«BUCARE L'AMBIN E' COME SVUOTARE UNA VASCA»
Allarme
ambientale: a rischio le falde acquifere che alimentano numerosi paesi
di
Andrea Spessa da
luna nuova n. 74 martedì 14 ottobre 2003
Il buco di prospezione si avvicina e Legambiente lancia un allarme: potrebbe essere una catastrofe ecologica. Chi scava la galleria (7 chilometri abbondanti di tunnel dal diametro di 6 metri che partono dal cantiere dell'Aem, sotto il viadotto dell'A32, e puntano dritti al cuore del massiccio dell'Ambin) non ha idea di quello che incontrerà lungo il percorso. La stessa galleria nasce proprio dall'esigenza da parte dei costruttori di capire cosa nasconde l'Ambin, poiché le normali tecniche di prospezione come i carotaggi dall'alto (in stile pozzo di petrolio) non riescono a raggiungere le profondità necessarie e a fornire dati sicuri sulla qualità della roccia sottostante.
I rischi della prospezione orizzontale sono evidenti: la
quantità di materiale estratto è enorme, ed è provato che in diversi siti
l'Ambin contiene nei suoi strati più superficiali un'elevata quantità di
uranio, quantità che potrebbe aumentare ulteriormente scavando in profondità.
Quindi lo smarino che esce dal tunnel (e che i progettisti prevedono di
depositare in discariche temporanee attorno a Venaus o nelle cave di valle)

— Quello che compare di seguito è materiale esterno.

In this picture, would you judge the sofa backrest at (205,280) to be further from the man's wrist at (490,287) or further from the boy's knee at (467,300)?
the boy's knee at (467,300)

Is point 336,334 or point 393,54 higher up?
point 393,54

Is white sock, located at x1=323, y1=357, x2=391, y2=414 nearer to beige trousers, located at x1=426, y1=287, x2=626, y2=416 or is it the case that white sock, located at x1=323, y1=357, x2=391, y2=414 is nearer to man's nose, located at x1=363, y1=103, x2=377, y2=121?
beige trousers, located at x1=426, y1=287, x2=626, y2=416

potrebbe essere radioattivo.
A ciò si aggiunge il problema acqua: vista la totale
mancanza di indagini approfondite sul sistema idrografico dell'area, il rischio
potrebbe essere quello di "togliere il tappo" all'Ambin provocando un
fenomeno di prosciugamento delle falde superficiali in un'area vastissima: la
galleria di prospezione trasformata in un fiume e la montagna senza più
sorgenti. Un precedente in zona c'è: la costruzione della centrale sotterranea
Aem (a pochi metri dal luogo in cui dovrà sorgere il tunnel geognostico) ha
subito dei rallentamenti fortissimi proprio a causa della pessima qualità della
roccia e della presenza di un lago sotterraneo, che è stato prosciugato con
grandi spese e ritardi sulla tabella dei lavori. E il tunnel della centrale è
di dimensioni più ridotte rispetto a quello di prospezione.

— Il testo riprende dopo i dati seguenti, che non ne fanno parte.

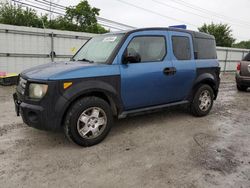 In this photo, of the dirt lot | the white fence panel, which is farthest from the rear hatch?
the white fence panel

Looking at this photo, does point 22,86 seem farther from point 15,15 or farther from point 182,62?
point 15,15

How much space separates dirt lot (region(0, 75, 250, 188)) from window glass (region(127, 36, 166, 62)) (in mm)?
1436

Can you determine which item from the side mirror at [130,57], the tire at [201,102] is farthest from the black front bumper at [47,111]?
the tire at [201,102]

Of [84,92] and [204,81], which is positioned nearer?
[84,92]

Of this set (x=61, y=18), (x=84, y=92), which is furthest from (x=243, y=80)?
(x=61, y=18)

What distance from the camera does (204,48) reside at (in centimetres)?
510

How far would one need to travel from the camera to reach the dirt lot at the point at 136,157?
2.59 m

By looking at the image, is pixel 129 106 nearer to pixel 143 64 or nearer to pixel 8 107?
pixel 143 64

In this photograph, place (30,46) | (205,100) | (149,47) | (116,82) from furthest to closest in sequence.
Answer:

Un altro campanello d'allarme arriva dagli esperimenti
condotti nel '70 dal Gruppo speleologico piemontese del Cai-Uget nella grotta
del Giaset, una cavità profonda 232 metri con partenza a quota 2690 metri sotto
la punta Malamot, sul territorio di Lanslebourg. Gli speleologi hanno versato
della fluorescina, sostanza che colora l'acqua, nel piccolo torrente che scorre
al fondo della grotta e sistemato dieci fluorocaptori (rilevatori di
fluorescina) nelle sorgenti a valle per tracciare il percorso delle acque di
profondità. I risultati sono stati stupefacenti: la sostanza è ricomparsa in
superficie solo dopo parecchi giorni e svariate centinaia di metri più a valle
sia sul versante francese che su quello italiano, in ben nove delle dieci
sorgenti monitorate. La fluorescina si è spinta fin sulla piana di San Nicolao,
sotto la grande scala che conduce al lago, a quota 1930 metri. Un dato che
mette in evidenza come, già nella parte superficiale, l'Ambin sia percorso in
tutte le direzioni da piccole e grosse falde che comunicano fra di loro. La
stessa composizione geologica della montagna (calcari, gessi, evaporiti) fa pensare
alla presenza di falde collegate e serbatoi di acqua estesi e profondi, i
cosiddetti laghi fossili.
«Ero nel team che ha effettuato l'esperimento nella
grotta del Giaset - racconta Marziano Di Maio, speleologo del Cai - e visti i
risultati ritengo che scavare un tunnel che buchi l'Ambin dal basso per sette
chilometri senza aver effettuato indagini più approfondite è un grosso
azzardo». Legambiente Piemonte e Pro Natura hanno inviato al ministero dei
lavori pubblici una lettera in cui, vista la delicata situazione idrogeologica
della zona Ambin Moncenisio, chiedono ulteriori indagini con sistemi non
invasivi (traccianti, monitoraggi, esplorazioni con sonde guidate) e la
pubblicazione dei dati originali delle indagini compiute dagli enti gestori
della diga del Moncenisio. Perché i problemi e i disastri ambientali che si
sono verificati durante lo scavo del traforo del Gran Sasso e delle gallerie
per la linea ad alta velocità Firenze-Bologna (interi paesi senz'acqua,
torrenti e fonti asciutte) dimostrano che giocare con l'acqua può essere
pericoloso quanto giocare col fuoco.